On 16 April 2015 at 07:42, meekerdb <meeke...@verizon.net> wrote:

>  On 4/15/2015 12:58 AM, LizR wrote:
>
>  On 14 April 2015 at 14:05, meekerdb <meeke...@verizon.net> wrote:
>
>> On 4/13/2015 4:35 PM, Bruce Kellett wrote:
>>
>>> LizR wrote:
>>>
>>>> On 14 April 2015 at 00:42, Bruce Kellett <bhkell...@optusnet.com.au
>>>> <mailto:bhkell...@optusnet.com.au>> wrote:
>>>>
>>>>     The expansion of the wave function in the einselected basis of the
>>>>     measurement operator has certain coefficients. The probabilities are
>>>>     the absolute magnitudes of these squared. That is the Born Rule. MWI
>>>>     advocates try hard to derive the Born Rule from MWI, but they have
>>>>     failed to date. I think they always will fail because, as has been
>>>>     pointed out, the separate worlds of the MWI that are required before
>>>>     you can derive a probability measure already assume the Born Rule.
>>>>     The argument is at best circular, and probably even incoherent.
>>>>
>>>> In an article published in the 60s (I think) Larry Niven pointed out
>>>> that the MWI lead to the following situation - if you throw a dice you have
>>>> 6 outcomes, i.e. 6 branches. But a loaded dice should favour (say) the
>>>> branch where it lands on 6. Hence the MWI doesn't work.
>>>>
>>>> My reaction to this (when I first read it, probably several decades ago
>>>> now) was that you only have 6 MACROSCOPIC outcomes - like derivations of
>>>> the second law of thermodynamics, Niven's description of the system relies
>>>> on microstates being indistinguishable /to us/. But once you take this into
>>>> account there are more microstates ending with a 6 uppermost - and hence a
>>>> lot more than 6 branches - the MWI again makes sense using branch counting,
>>>> at least for non-quantum dice (I may not have known terms like microstates
>>>> at the time, nor was it called the MWI, but that was basically what I
>>>> thought).
>>>>
>>>
>>> I do not think that classical analogies can ever get to the heart of
>>> quantum probabilities.
>>>
>>>  Can't the same be true of any quantum event? The essential requirement
>>>> is that any quantum event leads to results which can be assigned a rational
>>>> number, rather than an irrational one. This gives us a finite number of
>>>> branches, and counting to get the probability. Or do quantum events lead to
>>>> results with irrational numbered probabilities?
>>>>
>>>
>>> Quantum probabilities are not required to be rational: any real value
>>> between 0 and 1 is possible. For example, if you prepare a Silver atom in a
>>> spin up state then pass it through another S-G magnet oriented at an angle
>>> alpha to the original, the probability that the atom will pass the second
>>> magnet in the up channel is cos^2(alpha/2).

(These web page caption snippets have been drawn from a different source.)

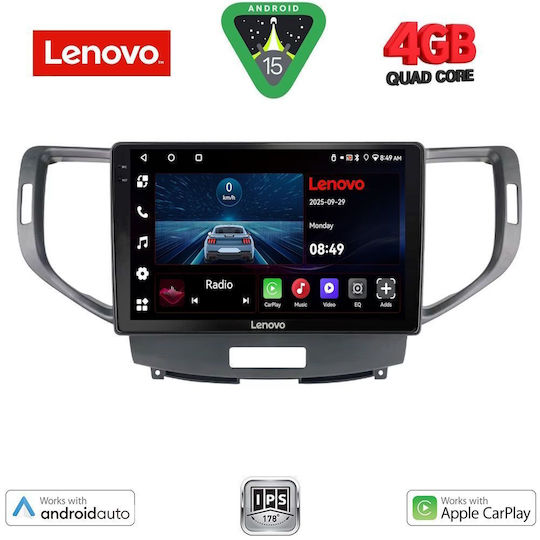 Lenovo Car Audio System for Honda Accord 2008-2013 (Bluetooth/USB/AUX/WiFi/GPS/Apple-Carplay/Android-Auto) with Touch Screen 9"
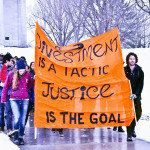 Divestment is no panacea and, as a stand-alone strategy, not likely to be effective in changing the investment decisions of the world’s energy industry. But until we properly define climate change as the greatest moral challenge of all time we will not take the bold steps we need to take. This photo was taken on the Middlebury College campus, where officials opted not to divest from fossil fuels this fall. Photo credit: Paul Gerard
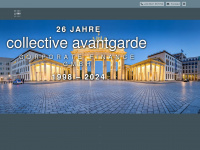 collective-avantgarde.de Webseite Vorschau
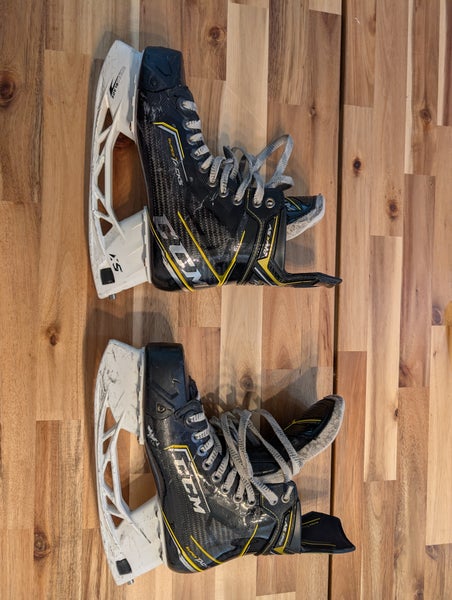 Black/Yellow 2021 CCM Super Tacks AS3 Pro Hockey Skates Regular Width 8 (Used)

This can take on any real value
>>> in the range.
>>>
>>
>>  One argument against branch counting is that if you have two equally
>> likely outcomes (which can be judged by symmetry) there are two branches;
>> but if a small perturbation is added then there must be many branches to
>> achieve probabilities (0.5-epsilon) and (0.5+epsilon) and the smaller the
>> perturbation the larger the number required.  Of course the number required
>> is bounded by our ability to resolve small differences in probability, but
>> in principle it goes as 1/epsilon.
>>
>> I think Bruno's answer to this is that for every such experiment there
>> are arbitrarily many threads of the UD going throught at experiment and
>> this provides the order 1/epsilon ensemble.  But this somewhat begs the
>> question of why we should consider the probabilities of all those threads
>> to be equal since we have lost the justification of symmetry.  I think this
>> is "the measure problem".
>>
>
>  I believe it's an open question as to whether these systems (angle of
> rotation of a magnet for example) are continuous or quantised. If quantised
> then there are merely a (perhaps) very large number of branches but no
> measure problem.
>
>
> I'm quite willing to say that there can only be finite precision in any
> physical measurement, so the measurements are effectively quantized even if
> the theory is built on real numbers.  But I don't think that solves the
> measurement problem.  It doesn't justify considering all the possible
> values equi-probable; that requires some symmetry principle.
>

That wasn't quite what I meant. If the situation is quantised and there is
a rational number for each probability then we might for example have a
probability of 12345 / 67890 for a given event "A" (one of two
possibilities). This requires (somewhat weirdly, but the logic is OK) that
there are 12345 branches in which event A happens, and 67890 - 12345 in
which event B happens. All branches are equiprobable, which was my key
point.

PS I admit this is horrible, as stated! But if all events emerge as
macroscopically similar but microscopically distinct, it does at least make
sense and avoid the measure-on-infinity problem.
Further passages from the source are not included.